Si aceptamos que el núcleo de la responsabilidad penal por imprudencia está configurado por la infracción de la norma de cuidado,16 y la previsibilidad objetivo-subjetiva de la producción de un resultado lesivo, podemos establecer una delimitación entre autoría y participación en los delitos imprudentes, pues si otorgamos relevancia sólo a la conducta que infringe el deber objetivo de cuidado mediante un comportamiento que realice el tipo, la de los autores y no la de aquellos que infringiendo el deber objetivo de cuidado contribuyan causalmente a su realización, la de los partícipes, que hasta ahora quedan impunes (o en algunos casos se les considera autores), podría empezar a vislumbrarse un concepto restrictivo de autor, pues no sólo es posible la infracción del deber de cuidado a título de autor, sino que el partícipe puede contribuir, ya sea induciendo o favoreciendo, a quebrantar ese deber objetivo de cuidado.17 Con la lesión del deber de cuidado se corresponde la expresión de la >.18

Para analizar la participación en los delitos imprudentes es necesario remitirnos a los criterios de delimitación de la relación de autoría sustentado en la teoría de la pertenencia.19 Es una postura basada en el razonamiento de que la autoría no sólo forma parte de la teoría del tipo, sino que está dentro de la imputación objetiva; se trataría de establecer posibles criterios que disponen cuándo un hecho imprudente "pertenece" a un sujeto y así determinar la existencia de relación de autoría entre un hecho y su autor.
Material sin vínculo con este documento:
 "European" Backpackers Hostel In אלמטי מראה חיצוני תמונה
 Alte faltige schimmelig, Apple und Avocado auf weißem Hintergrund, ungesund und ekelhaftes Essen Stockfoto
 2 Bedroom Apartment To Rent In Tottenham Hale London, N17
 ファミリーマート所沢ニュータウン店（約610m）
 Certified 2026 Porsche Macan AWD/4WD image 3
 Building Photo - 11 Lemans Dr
Este aspecto tiene relevancia toda vez que delimitando la autoría, nos conduce a los supuestos de intervención de los partícipes y, por tanto, a la diferenciación en el tratamiento penal de los diversos intervinientes en el hecho.
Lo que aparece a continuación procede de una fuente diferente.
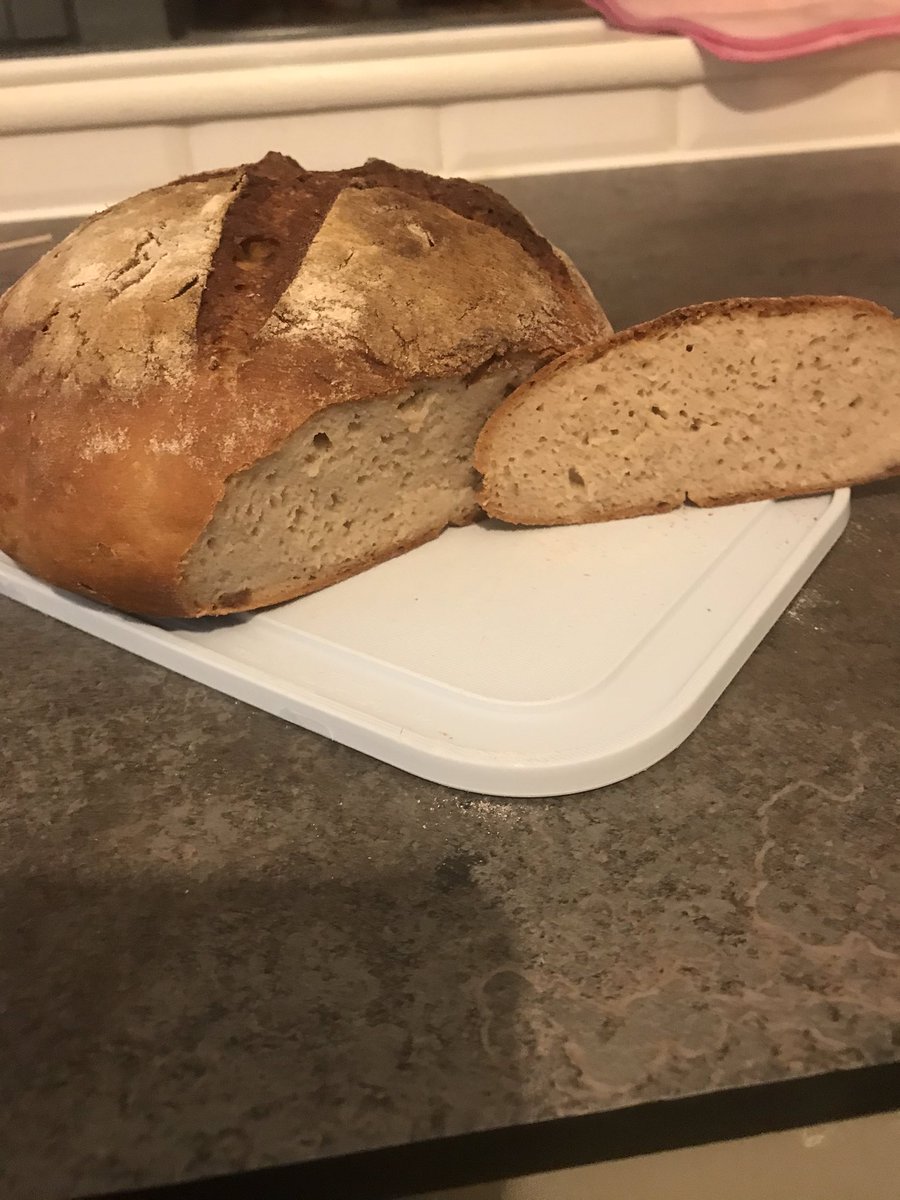 GhentSimi's tweet photo. One thing that I learned and perfected in since the lockdown is......BREAD!!🍞🥖🥨 artisan sourdough bread, plait bread and gluten free bread. #breadheaven https://t.co/nWbHZDY2Tj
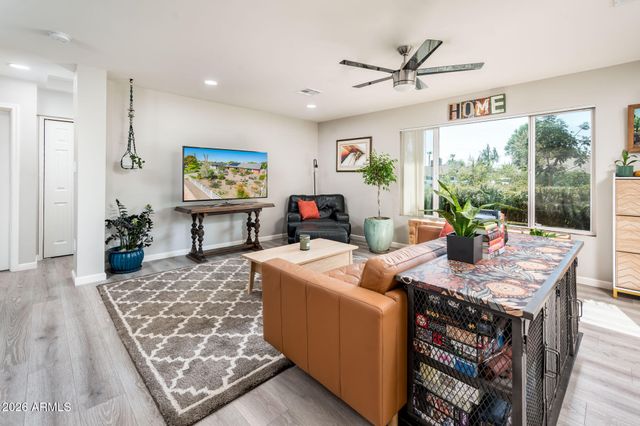 3006 E CYPRESS Street, Phoenix, AZ 85008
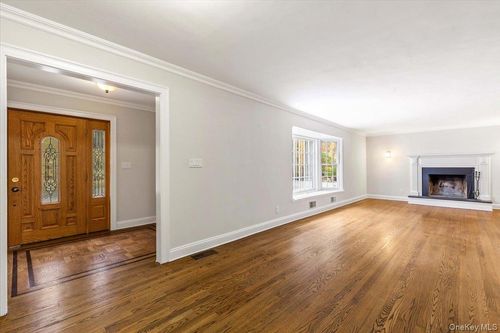 110 Oliver Rd, Bedford, NY, 10506-1543 | Card Image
Si de acuerdo con la pertenencia es autor todo sujeto que realiza el hecho en condiciones tales que puede imputársele como suyo, "sería completamente coherente con la comprensión de la relación de autoría como elemento necesario para poder pasar al examen de la imputación objetiva del resultado."20

La autoría se hace depender de la "dominabilidad", criterio de imputación y de autoría, posibilidad para el sujeto de evitar que el resultado se produzca.21 En el mismo sentido de la dominabilidad está el principio de la alcanzabilidad objetiva concebido y desarrollado por Roxin como un principio regulativo y no normativo, en relación con la imputación objetiva,22que permite pasar de lo socialmente posible a lo humanamente posible. Sólo serían penalmente relevantes las acciones humanas peligrosas que el sujeto pueda controlar y advierta como suyas, lo que permitiría atribuírseles. Se trata de la creación de un riesgo que sólo el autor puede evitar.

Los criterios de la dominabilidad y de la alcanzabilidad objetiva conducen a la "evitabilidad"23 (en definitiva, la imprudencia es aquella forma de la evitabilidad en la que falta el conocimiento actual de lo que ha de evitarse), como consecuencia del dominio objetivo...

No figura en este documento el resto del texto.